California Gov. Jerry Brown signed into law a "bill of rights" that backers say will help protect LGBT seniors from discrimination or mistreatment in long-term care facilities.
 
But under the new law, care workers and facilities could face fines or even jail if they don't address a transsexual patient by their desired sex.
 
"SB219 gives the state new power to determine what is wrong speech and what is right speech," Randy Thomasson of SaveCalifornia.com told CBN News. "The punishment can be stiff fines or jail time.  The state of California has thrown land mines over these care homes and people are going to step on them."
 
Thomasson says care facilities will also not be able to move or evict a transsexual resident for acting out their transsexual behavior, even if other residents are disturbed by it. He also says that care workers will be forced to "dress up a biological man, if he demands it, in bra, panties, and women's clothes...women's earrings and necklaces and panty hose and women's shoes, and being forced to apply make-up, eyeliner, and lipstick."
 
In addition to the threat of a $1,000 fine and up to a year in jail for employees, care homes that fail to comply with the new law could incur a fine up to $150,000 levied by the state Fair Employment and Housing Commission, have their operating license revoked, or both.
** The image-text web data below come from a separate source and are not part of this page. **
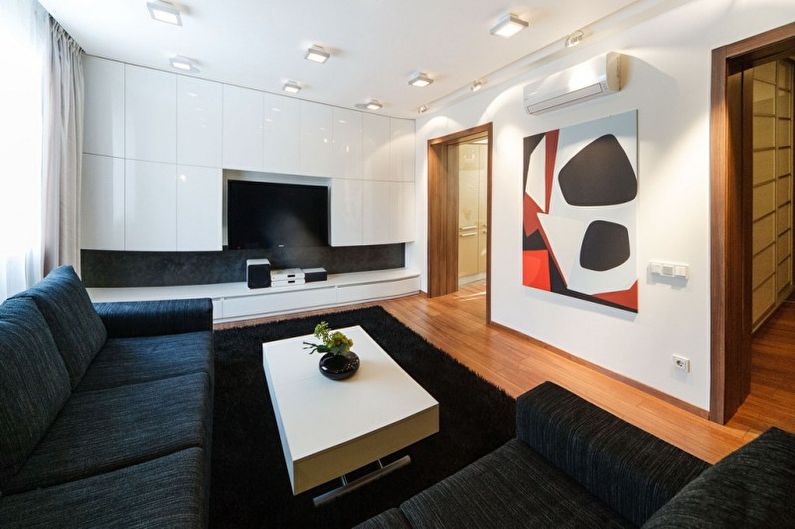 Dizajn interijera dnevne sobe u stilu minimalizma - fotografija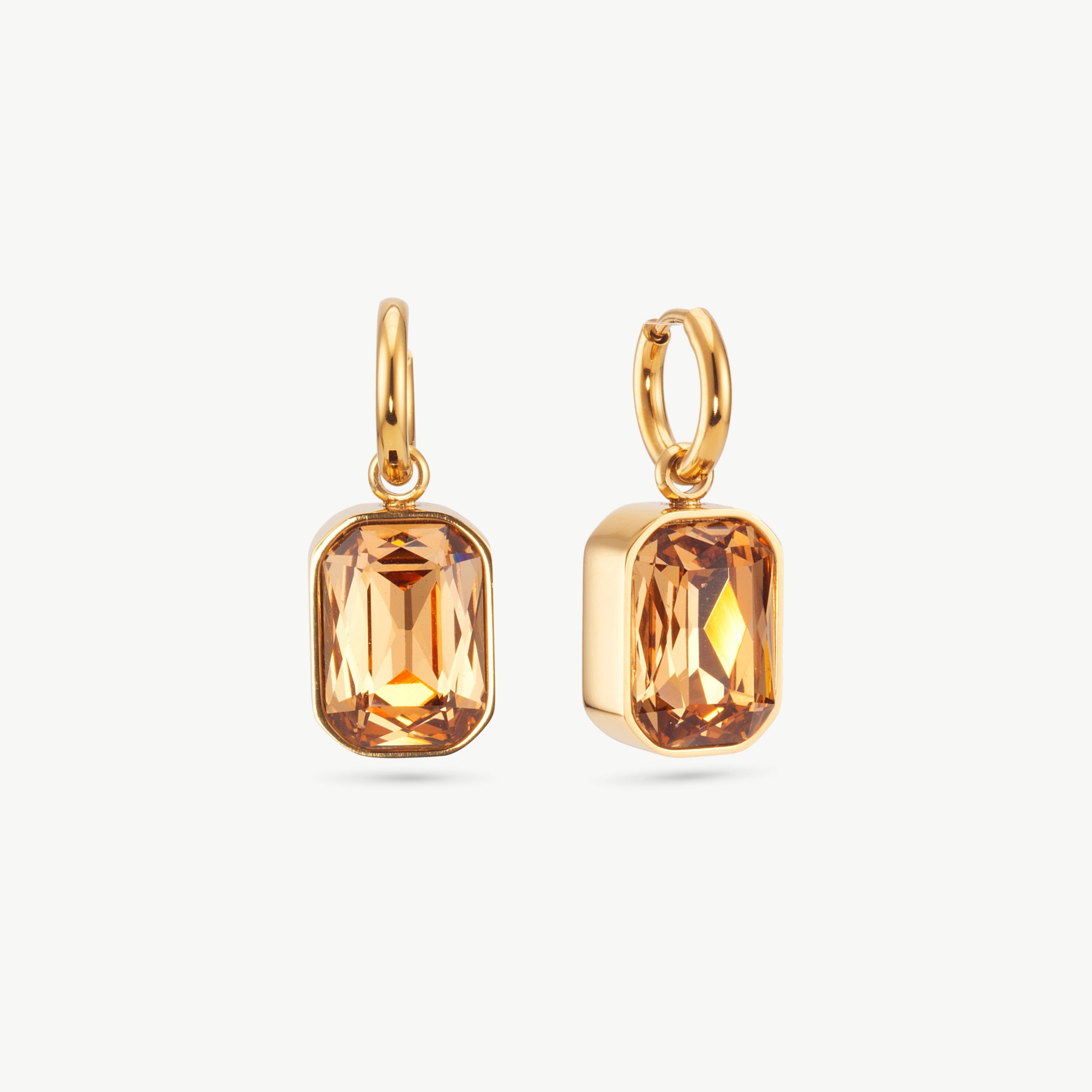 rectangular crystal earrings gold cz drop earrings with brown crystal detail creating a bold modern brown and gold earrings look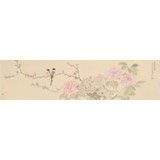 【已售】張瑰麗 四尺對(duì)開(kāi)工筆《富貴多喜》 湖南省美術(shù)家協(xié)會(huì)會(huì)員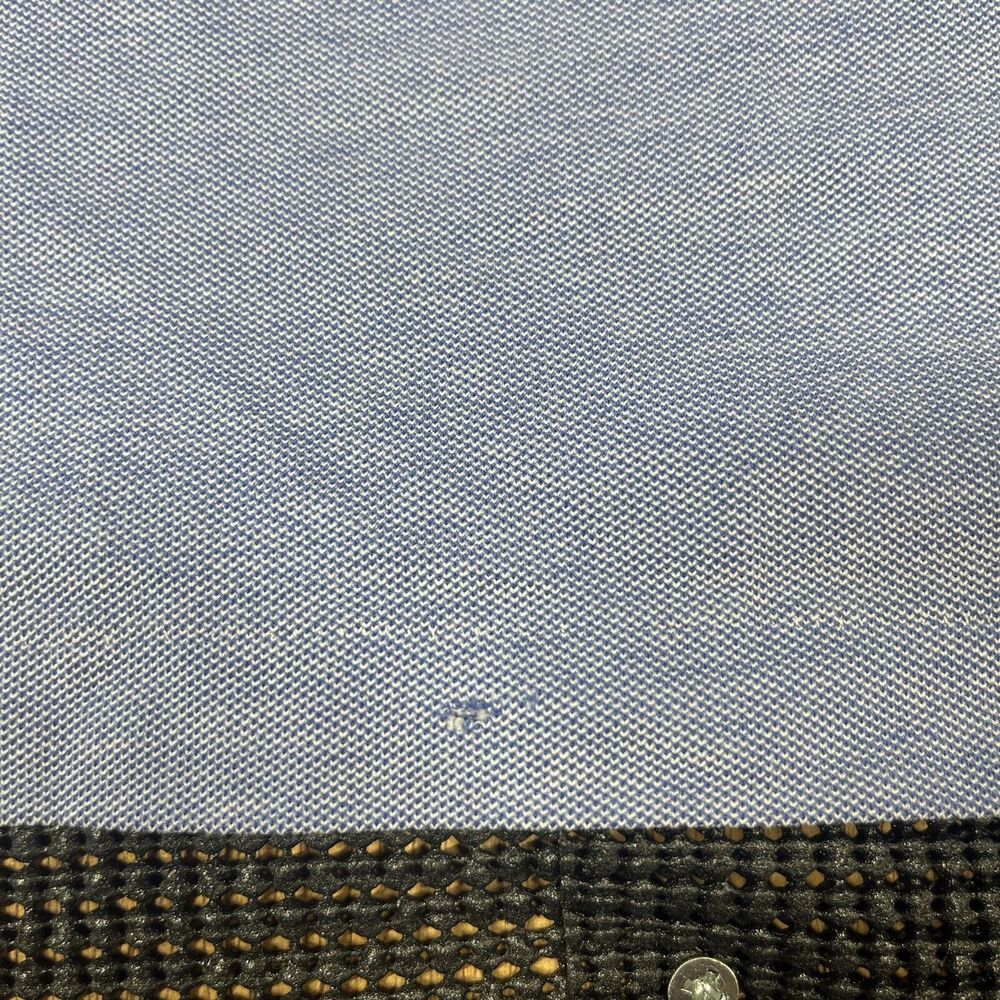Ralph Lauren Mens Golf Shirt XL Solid Blue‎ Knit Oxford Short Sleeve Classic - Picture 7 of 8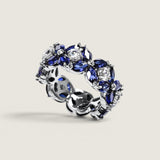 Marquise and Round Lab Sapphire Band (8.8 TCW)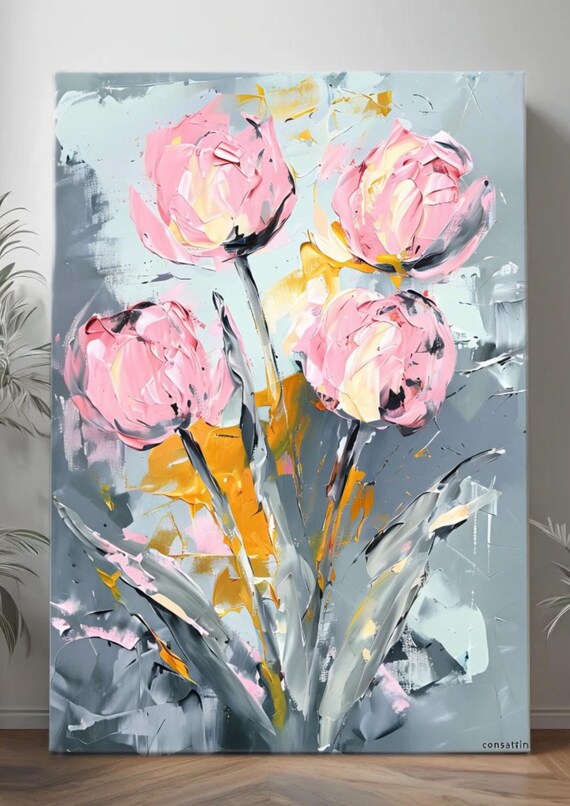 Vibrant Abstract Pink Tulips Art Print - Modern Floral Decor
"The homosexual activists have gotten everything they wanted in California law," Thomasson says. "This transsexual agenda is being pushed now to destroy free speech. If 'Jeff' now wants to be called 'Jane', you better do it or you could get fined, shut down, or have jail time." 

Thomasson says California may just be the beginning and similar laws could start popping up around the country. 

"What happens in California, either good or bad, are ideas that percolate in other state legislatures and you've got to be aware of this coming to your state," he says. 
 
"The only way it can be defeated," Thomasson says, "is for the Supreme Court of the United States to overturn it as an infringement of the First Amendment."